School of Physics, University of Sydney, Sydney, NSW, 2006, Australia.
Institute of Science and Technology for Brain-Inspired Intelligence, Fudan University, Shanghai, 200433, China.
Nat Commun. 2022 Aug 5;13(1):4572. doi: 10.1038/s41467-022-32279-z.
A range of perceptual and cognitive processes have been characterized from the perspective of probabilistic representations and inference. To understand the neural circuit mechanism underlying these probabilistic computations, we develop a theory based on complex spatiotemporal dynamics of neural population activity. We first implement and explore this theory in a biophysically realistic, spiking neural circuit. Population activity patterns emerging from the circuit capture realistic variability or fluctuations of neural dynamics both in time and in space. These activity patterns implement a type of probabilistic computations that we name fractional neural sampling (FNS). We further develop a mathematical model to reveal the algorithmic nature of FNS and its computational advantages for representing multimodal distributions, a major challenge faced by existing theories. We demonstrate that FNS provides a unified account of a diversity of experimental observations of neural spatiotemporal dynamics and perceptual processes such as visual perception inference, and that FNS makes experimentally testable predictions.

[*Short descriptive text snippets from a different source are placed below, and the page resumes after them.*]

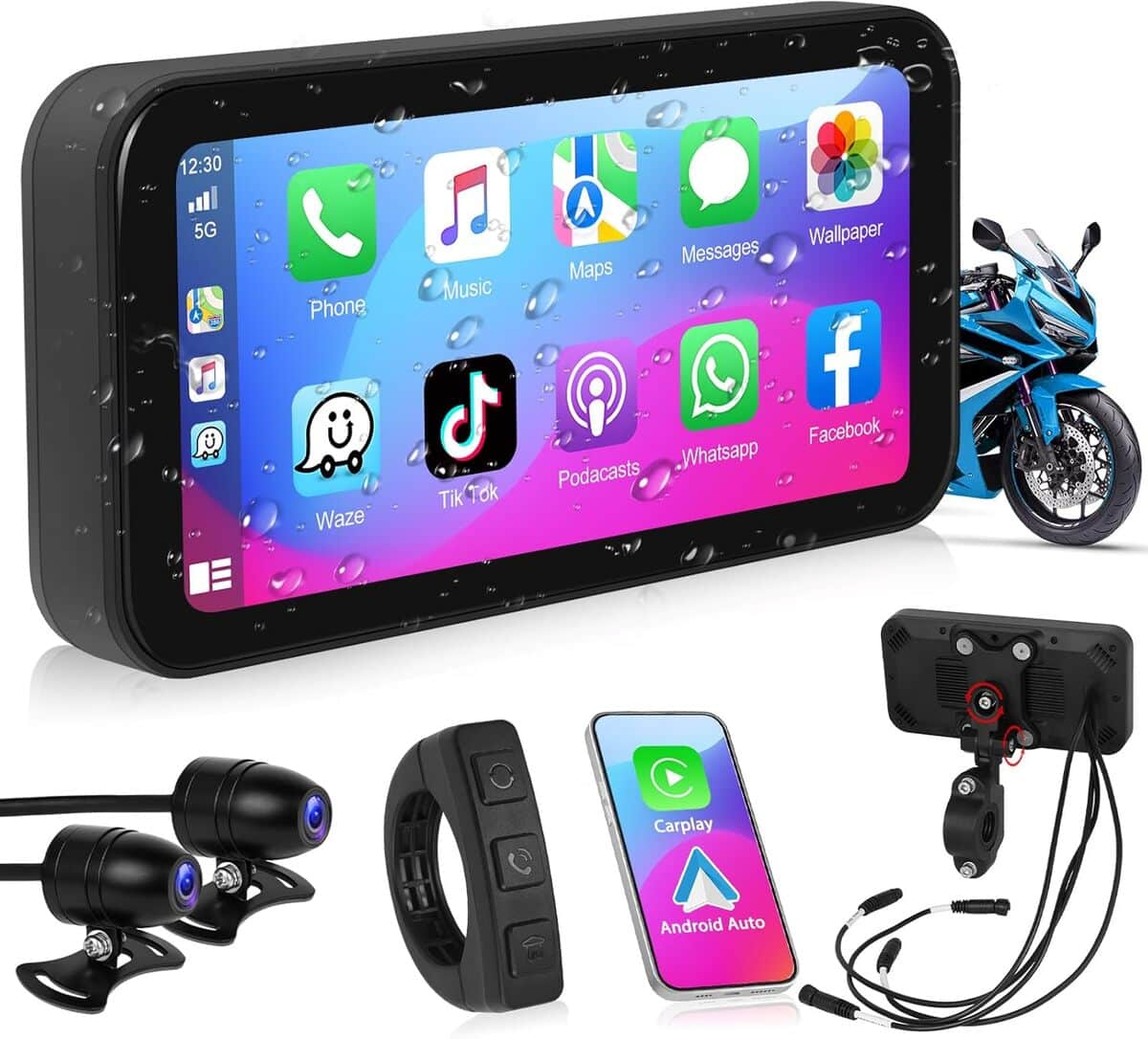 Test de l'autoradio portable Podofo 5, 5 pouces avec Carplay et Android Auto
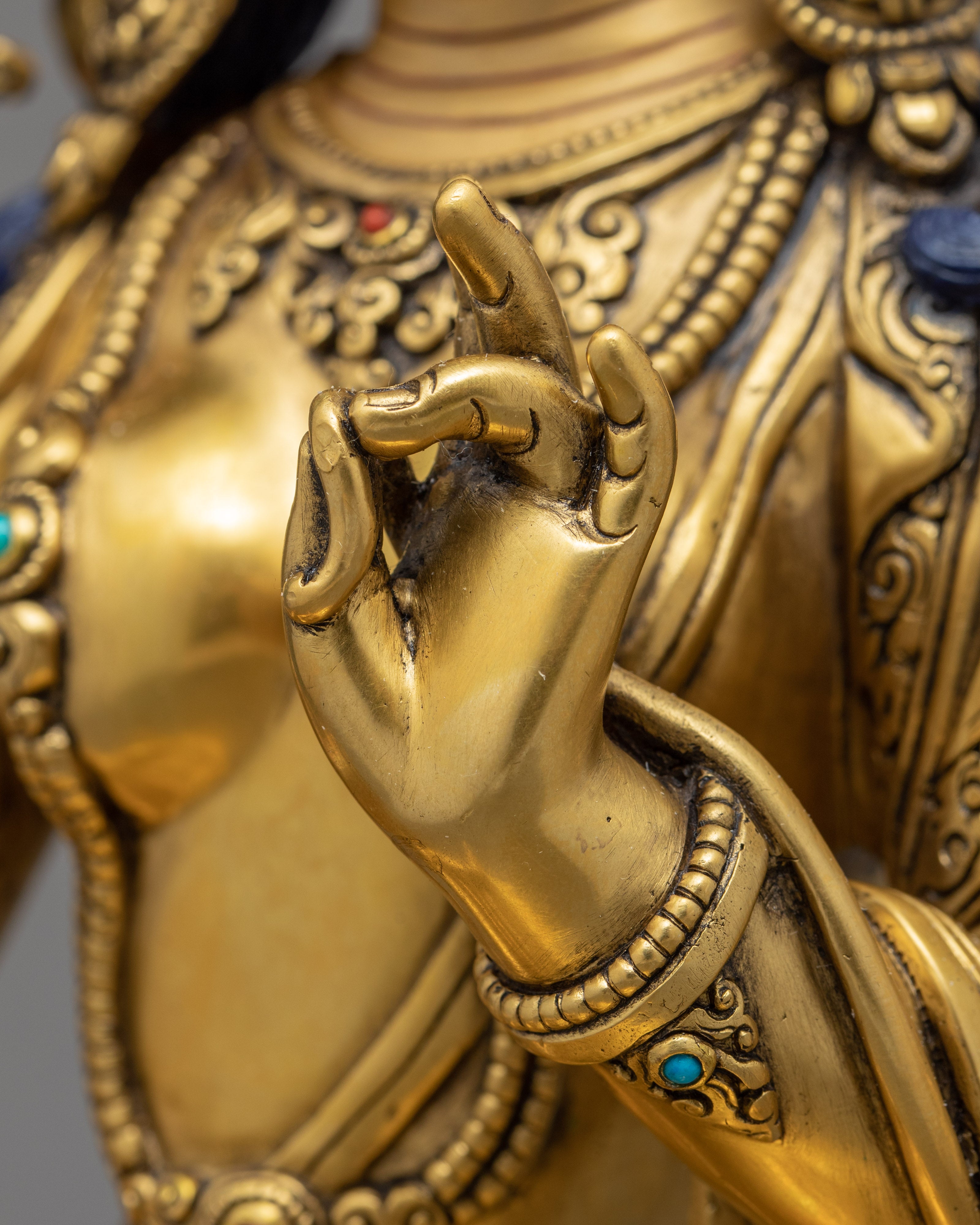 Green Tara Nepal | Female Buddha Statue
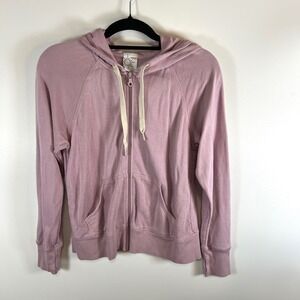 Aerie Offline Dusty Rose Pink Zip Up Hoodie Sweatshirt Women's Size S athleisure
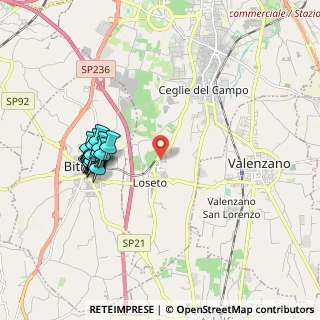 Mappa Via Mons. Jolando Nuzzi, 70129 Bari BA, Italia (2.0405)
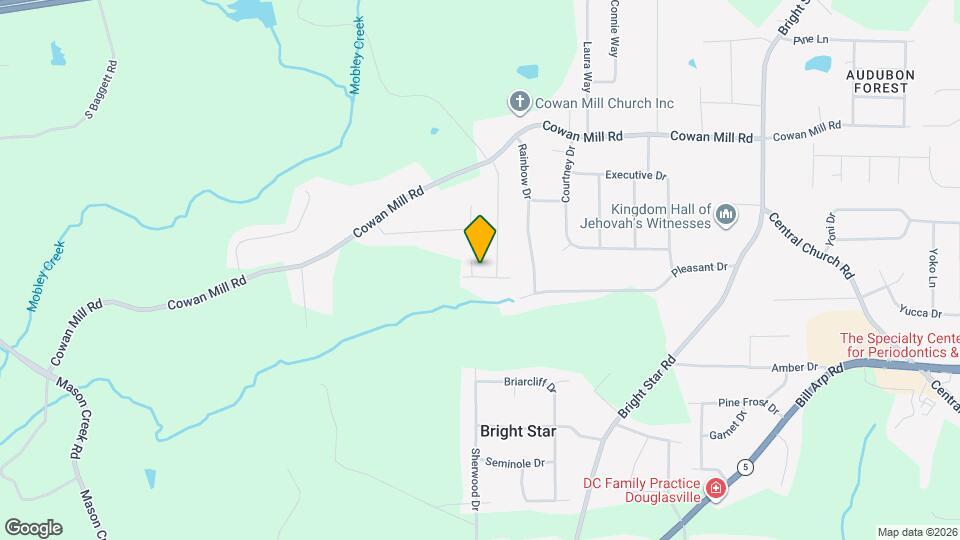 6677 Birchwood Terrace Map and Location Details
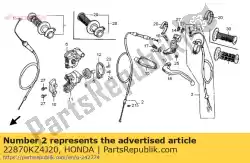 Aquí puede pedir cable comp., embrague de Honda , con el número de pieza 22870KZ4J20:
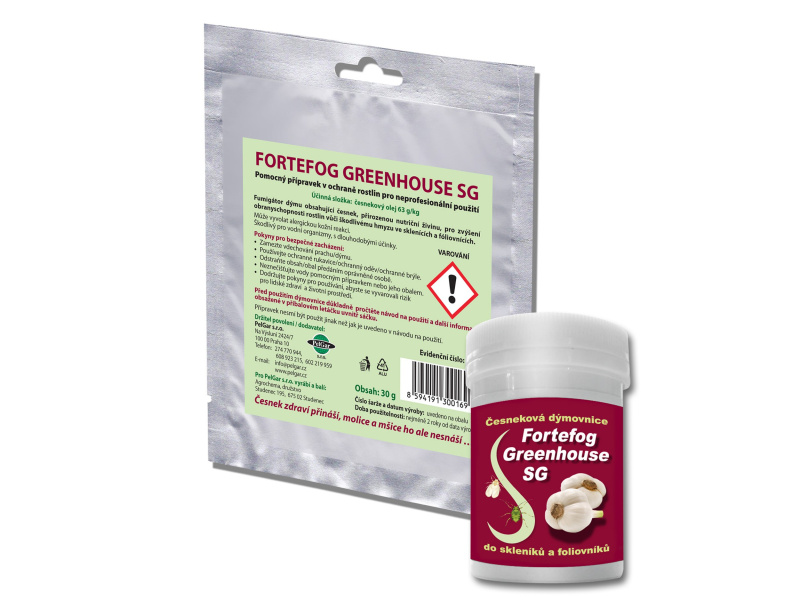 AgroBio Česneková dýmovnice - FORTEFOG Greenhouse SG 30 g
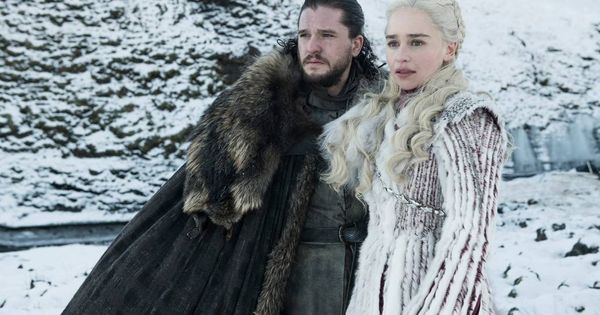 Foto: Jon Snow y Daenerys Targaryen en la última temporada de 'Juego de Tronos'. (HBO)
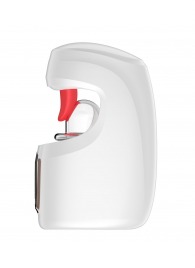 Белый мастурбатор с язычком и возвратно-поступательными движениями - Secwell - в Саранске купить с доставкой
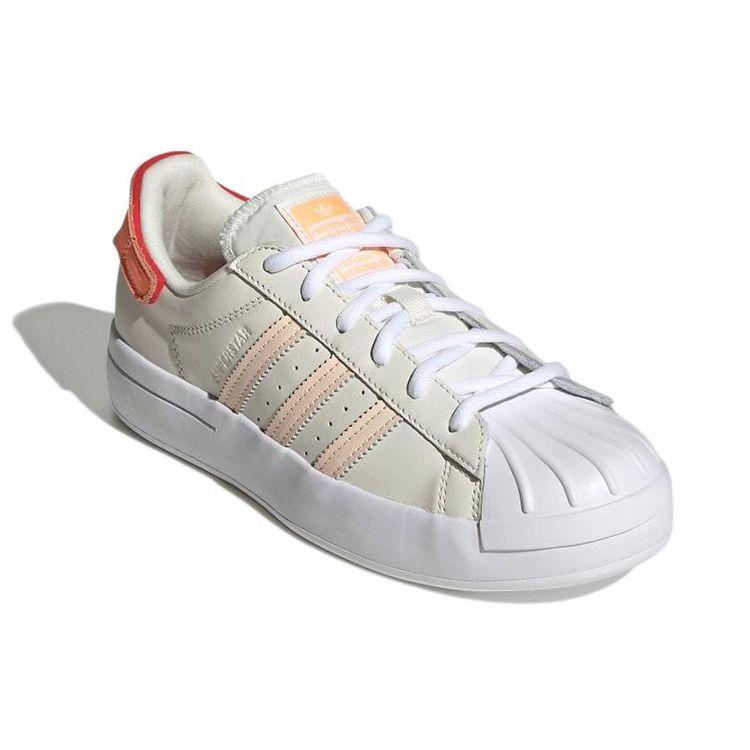 Adidas Originals Superstar Ayoon Leather Low-Top Sneakers Unisex Sneakers White Orange GW9588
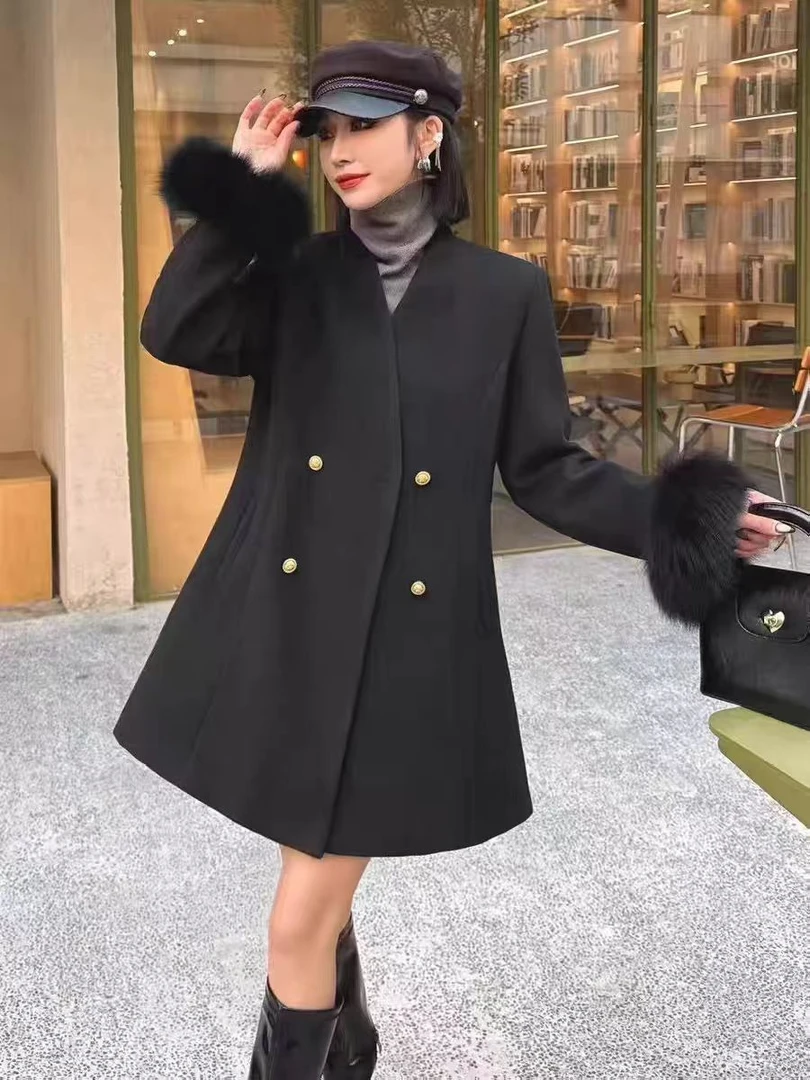 女士大衣 秋冬新款女款大衣 时尚气质大衣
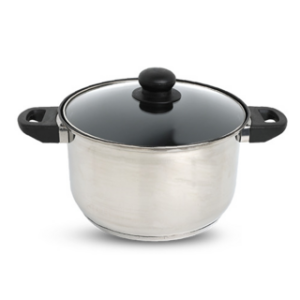 Marmite avec couvercle en inox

从概率表示和推理的角度,已经描述了一系列感知和认知过程。为了理解这些概率计算的神经回路机制,我们基于神经群体活动的复杂时空动力学,提出了一种理论。我们首先在一个生理上逼真的、尖峰神经元电路中实现和探索了这一理论。从电路中涌现出的群体活动模式,捕捉到了神经动力学在时间和空间上的现实变异性或波动。这些活动模式实现了一种我们称之为分数神经抽样(Fractional Neural Sampling,FNS)的概率计算。我们进一步开发了一个数学模型,揭示了 FNS 的算法本质及其在表示多模态分布方面的计算优势,这是现有理论面临的主要挑战。我们证明了 FNS 为神经时空动力学和感知过程的各种实验观察提供了一个统一的解释,例如视觉感知推理,并且 FNS 做出了可通过实验检验的预测。